Available data ::
=-=-=
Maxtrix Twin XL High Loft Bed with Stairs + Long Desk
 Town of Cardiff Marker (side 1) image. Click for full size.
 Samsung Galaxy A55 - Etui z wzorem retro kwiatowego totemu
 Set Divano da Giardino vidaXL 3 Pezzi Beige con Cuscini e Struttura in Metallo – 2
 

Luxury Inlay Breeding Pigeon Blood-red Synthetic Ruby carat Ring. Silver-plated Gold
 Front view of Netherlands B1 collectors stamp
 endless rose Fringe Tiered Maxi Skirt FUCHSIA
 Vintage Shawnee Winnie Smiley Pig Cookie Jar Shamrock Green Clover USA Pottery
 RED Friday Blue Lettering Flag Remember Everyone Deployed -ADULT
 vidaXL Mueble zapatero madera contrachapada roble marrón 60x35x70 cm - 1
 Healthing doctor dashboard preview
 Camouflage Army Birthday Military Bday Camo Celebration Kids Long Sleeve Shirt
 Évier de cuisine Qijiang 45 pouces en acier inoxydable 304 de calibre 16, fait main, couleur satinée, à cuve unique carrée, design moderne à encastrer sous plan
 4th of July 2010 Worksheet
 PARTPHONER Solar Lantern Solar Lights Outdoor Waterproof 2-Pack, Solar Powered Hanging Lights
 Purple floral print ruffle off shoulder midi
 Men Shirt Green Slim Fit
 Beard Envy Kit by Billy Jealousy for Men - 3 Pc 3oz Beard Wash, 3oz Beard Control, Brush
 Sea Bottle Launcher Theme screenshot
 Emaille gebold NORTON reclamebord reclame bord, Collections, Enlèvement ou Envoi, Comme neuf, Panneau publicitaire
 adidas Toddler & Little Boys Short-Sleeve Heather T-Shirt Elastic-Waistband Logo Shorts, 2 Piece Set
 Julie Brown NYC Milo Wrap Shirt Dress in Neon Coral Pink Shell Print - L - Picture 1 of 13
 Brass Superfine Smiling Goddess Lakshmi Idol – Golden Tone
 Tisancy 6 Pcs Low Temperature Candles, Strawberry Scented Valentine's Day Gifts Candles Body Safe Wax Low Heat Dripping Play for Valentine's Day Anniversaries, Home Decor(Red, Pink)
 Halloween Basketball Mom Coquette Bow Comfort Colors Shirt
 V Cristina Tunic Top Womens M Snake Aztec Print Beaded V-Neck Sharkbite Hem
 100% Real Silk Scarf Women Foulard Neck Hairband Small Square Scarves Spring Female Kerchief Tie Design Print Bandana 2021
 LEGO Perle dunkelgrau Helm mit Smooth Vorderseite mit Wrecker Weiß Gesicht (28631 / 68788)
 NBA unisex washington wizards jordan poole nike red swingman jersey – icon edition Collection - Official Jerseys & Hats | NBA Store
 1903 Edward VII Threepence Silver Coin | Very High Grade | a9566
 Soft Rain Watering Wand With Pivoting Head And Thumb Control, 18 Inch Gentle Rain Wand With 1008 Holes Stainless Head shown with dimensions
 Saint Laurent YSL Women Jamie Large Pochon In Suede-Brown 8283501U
=-=-=
Description of the task ::
Within the material above, the line with "Camouflage Army Birthday" opens the range and the line with "Tisancy 6 Pcs" closes it; reproduce that range word for word.

Output below ::
 Camouflage Army Birthday Military Bday Camo Celebration Kids Long Sleeve Shirt
 Évier de cuisine Qijiang 45 pouces en acier inoxydable 304 de calibre 16, fait main, couleur satinée, à cuve unique carrée, design moderne à encastrer sous plan
 4th of July 2010 Worksheet
 PARTPHONER Solar Lantern Solar Lights Outdoor Waterproof 2-Pack, Solar Powered Hanging Lights
 Purple floral print ruffle off shoulder midi
 Men Shirt Green Slim Fit
 Beard Envy Kit by Billy Jealousy for Men - 3 Pc 3oz Beard Wash, 3oz Beard Control, Brush
 Sea Bottle Launcher Theme screenshot
 Emaille gebold NORTON reclamebord reclame bord, Collections, Enlèvement ou Envoi, Comme neuf, Panneau publicitaire
 adidas Toddler & Little Boys Short-Sleeve Heather T-Shirt Elastic-Waistband Logo Shorts, 2 Piece Set
 Julie Brown NYC Milo Wrap Shirt Dress in Neon Coral Pink Shell Print - L - Picture 1 of 13
 Brass Superfine Smiling Goddess Lakshmi Idol – Golden Tone
 Tisancy 6 Pcs Low Temperature Candles, Strawberry Scented Valentine's Day Gifts Candles Body Safe Wax Low Heat Dripping Play for Valentine's Day Anniversaries, Home Decor(Red, Pink)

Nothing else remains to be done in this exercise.